Daß die DB Regio (Tochter für den Nahverkehr) sich auf den städtischen S-Bahn-Verkehr konzentriert und jetzt zunehmend Ausschreibungen für Nebenstrecken in der Fläche an landeseigene Mini-Bahngesellschaften mit schlechteren Lohn- und Arbeitsbedingungen verliert, scheint den Bahn-Managern durchaus entgegenzukommen. Bietet dies doch einen willkommenen Vorwand für weiteres Lohndumping und Rationalisierungen auf dem Rücken der Eisenbahner – notfalls lässt sich da auch durch eigene Ausgründungen und Scheinfirmen unter der Regie der DB „nachhelfen“, die dann bestehende (und ohnehin nicht sehr üppige) Einkommens- und Rahmentarife völlig untergraben.

Daß jetzt eine Vielzahl kleiner Bahngesellschaften wie Pilze aus dem Boden springt, erinnert an längst vergangene Zeiten der Länderbahnen im vorletzten Jahrhundert und ist keinesfalls fortschrittlich. Wir sind auf dem besten Wege zu britischen Verhältnissen. Der vielgepriesene „Konkurrenzkampf“ auf Schienen wird knallhart ausgetragen – durch Kostensenkung auf dem Rücken der Eisenbahner, der Sicherheit und letztlich auch der Kunden. Schon jetzt driften Standards, Fahrzeugnormen und Tarife immer mehr auseinander und werden Vergünstigungen (BahnCard, Wochenendticket) nicht mehr flächendeckend anerkannt.

In Großbritannien, wo die Privatisierung unendlichen Schaden angerichtet und viele Menschen wieder zum Autofahren gebracht hat, fordern Bahngewerkschaften und gut 70 Prozent der Bevölkerung die Wiederverstaatlichung der Eisenbahnen. In der Tat: Eine Zukunft im Interesse von Mensch und Umwelt hat die Bahn nur als einheitliches Ganzes und in öffentlicher Trägerschaft. Statt Bevormundung durch praxis- und bahnferne Manager und Unternehmensberater sollten die Beschäftigten selbst ihre Kompetenz zum Zuge bringen und Kontrolle im eigenen Unternehmen ausüben.

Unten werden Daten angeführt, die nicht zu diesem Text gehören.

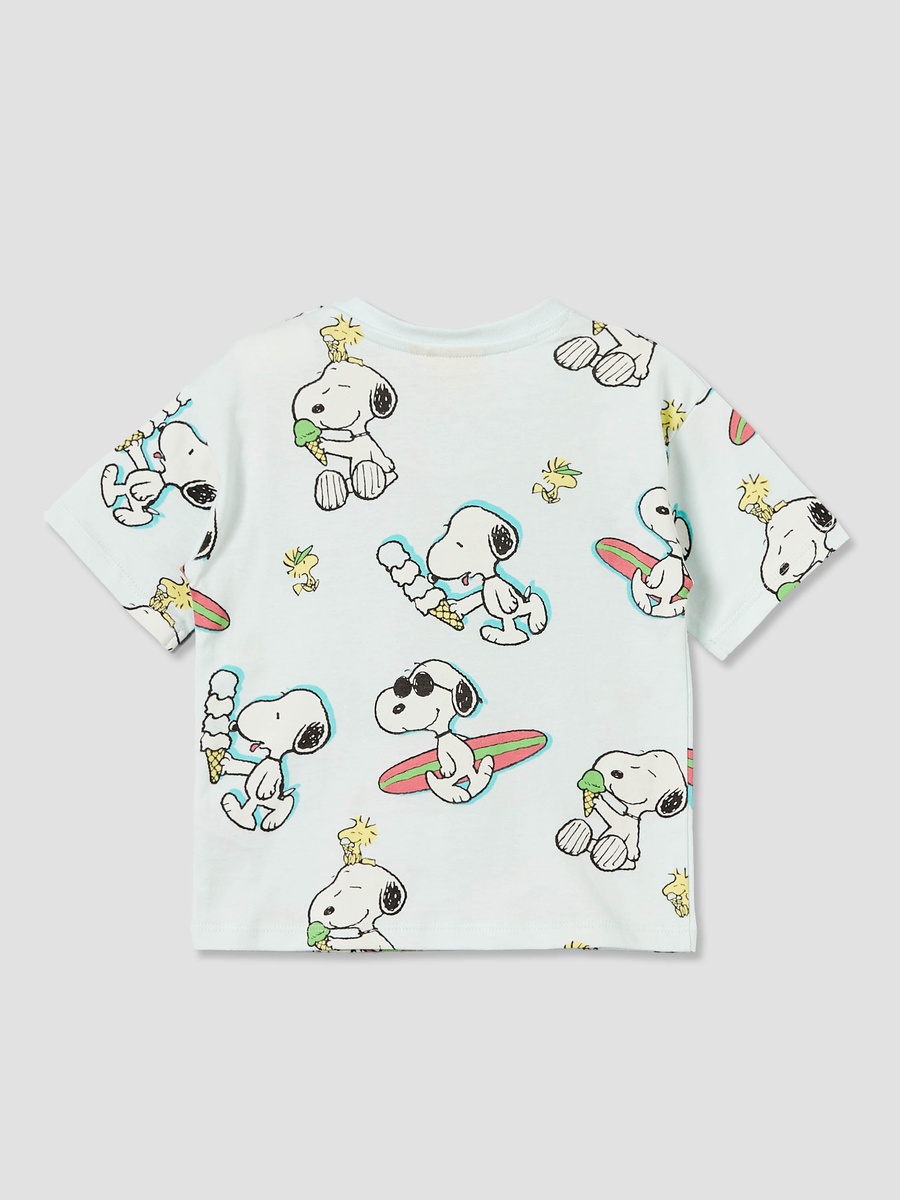Crew Neck Short Sleeves T-Shirt with Snoopy Print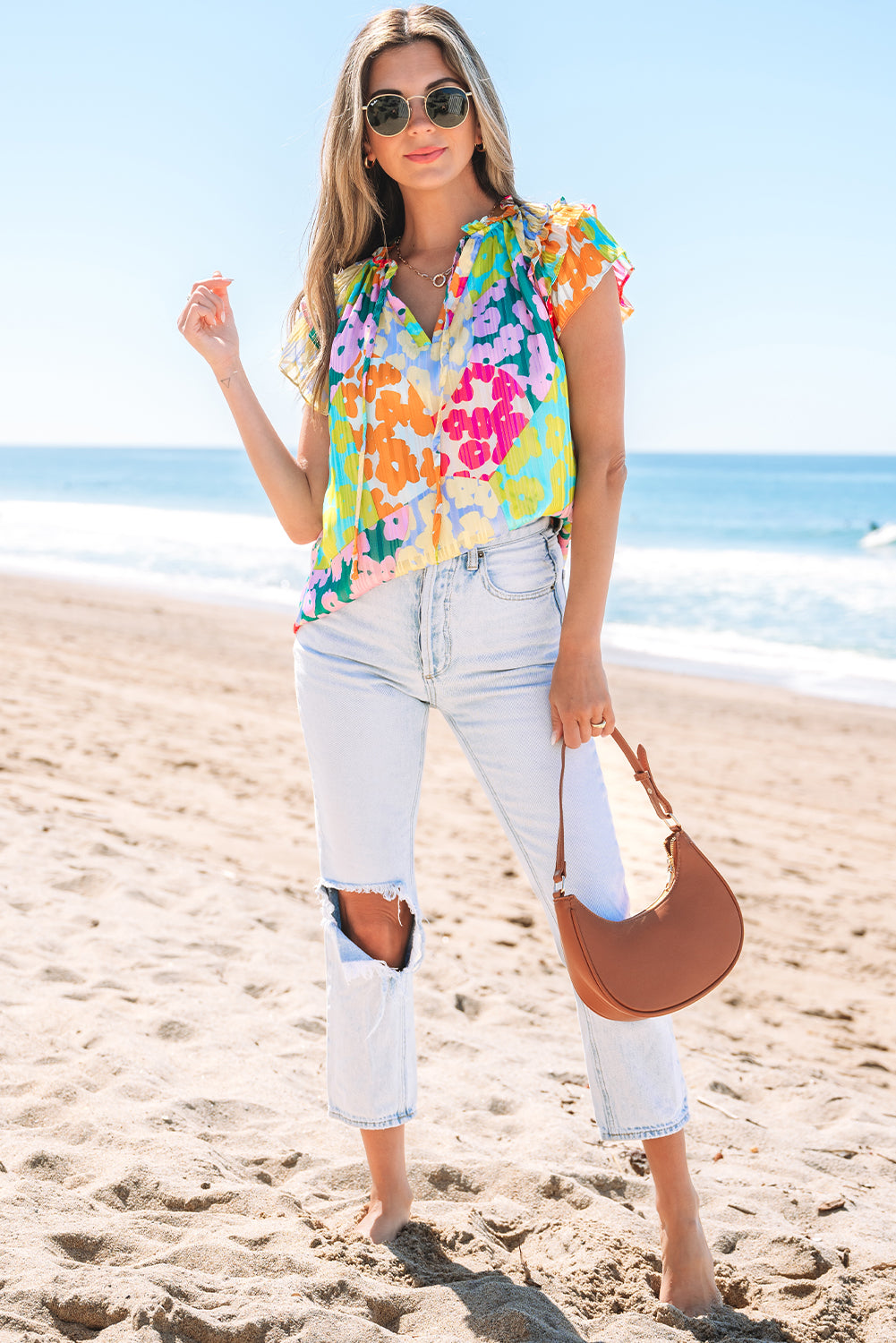 Rosa Flutter Sleeve V Neck Crinkled Blouse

Die Eisenbahner sind gut beraten, wenn sie in diesen Tagen die geballte Faust aus der Tasche holen, sich weiter kampfbereit zeigen und nicht durch konkurrierende Gewerkschaftsapparate auseinanderdividieren lassen. Sonst werden sie weiter unweigerlich wie Lämmer einzeln zur Schlachtbank geführt. Nur wer streikt, wird letztlich auch gehört werden und seine Interessen verteidigen können.